Solved – Empirical verification of the probability integral transform

I just discovered when working on Copulae that it was common knowledge that if $X$ is a continuous random variable with probability density function $F_{X}$, then $Y=F_{X}(x)$ follows a uniform distribution.

Before finding the proof online I was trying to empirically verify the above statement in R, but couldn't seem to succeed. Could someone please tell me what is wrong in my approach? In the code below I am plotting the histograms (empirical PDFs) of $10^3$ values sampled from the Normal CDF and of $10^3$ values sampled from the Cauchy CDF. Instead of observing uniform distributions, here is what I am getting:

par(mfrow=c(1,2)) hist(pnorm(ppoints(1e3))) hist(pcauchy(ppoints(1e3))) 

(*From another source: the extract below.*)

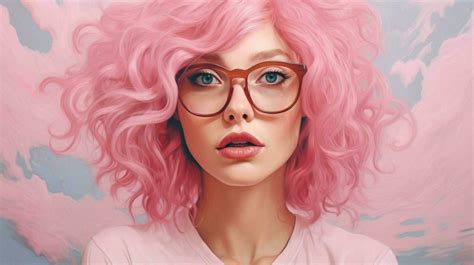 A Woman With Pink Hair And Glasses On Her Face Is Stock Photo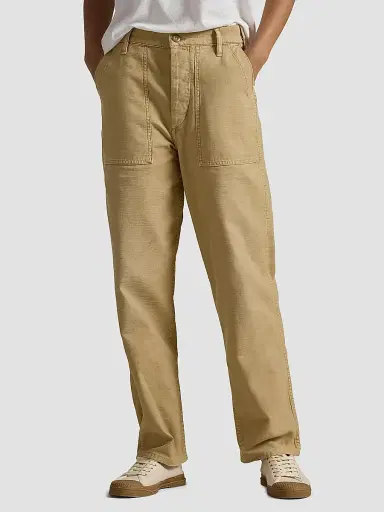 Polo Ralph Lauren Women's Ricky Cotton Sateen Wide-Leg Pants - Khaki | Thumbnail 3 Polo Ralph Lauren Women's Ricky Cotton Sateen Wide-Leg Pants - Khaki | Thumbnail 3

enter image description here

I was not expecting perfectly uniform distributions, but $10^3$ values should be enough to at least approach something that looks uniform. So what is wrong?

I believe your code just does not do what you want it to do. Here's what you want:

set.seed(154) x <- rnorm(10000) hist(pnorm(x)) 

This histogram looks uniform.

I believe

plot(ppoints(1000), pnorm(ppoints(1000))) 

results in a plot of a portion of the graph of the normal cdf.

Here's a quick verification

plot((1:100 - 50)/25, pnorm((1:100 - 50)/25))  points(ppoints(25), pnorm(ppoints(25)), col="blue") 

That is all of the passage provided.